• What you are asked to do:
Without adding anything, give again the lines from the one holding "1845 S 9th St, Saint" through the final line of the records, exactly, with both ends included and pictures dropped.

[[ Exercise data, beginning ]]

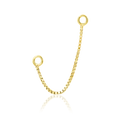 Box Chain
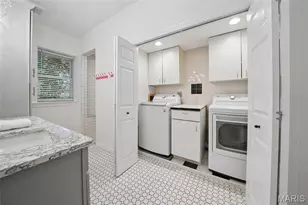 1845 S 9th St, Saint Louis, MO 63104 - Photo 24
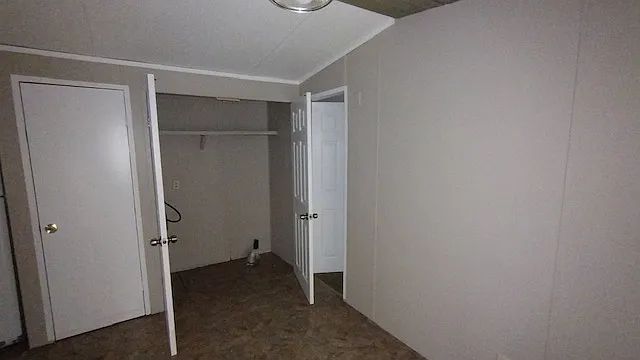 220 Baughman Hill Rd #14 — Photo 4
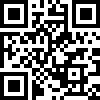 https://iscanews.ir/xcQcz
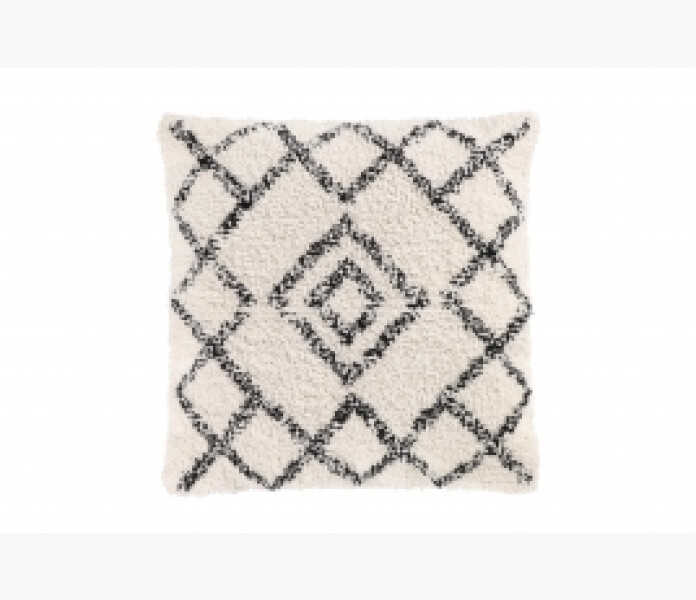 FanniK kudde Hanki 50x50 cm kuva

[[ Exercise data, end ]]

• Reply:
 1845 S 9th St, Saint Louis, MO 63104 - Photo 24
 220 Baughman Hill Rd #14 — Photo 4
 https://iscanews.ir/xcQcz
 FanniK kudde Hanki 50x50 cm kuva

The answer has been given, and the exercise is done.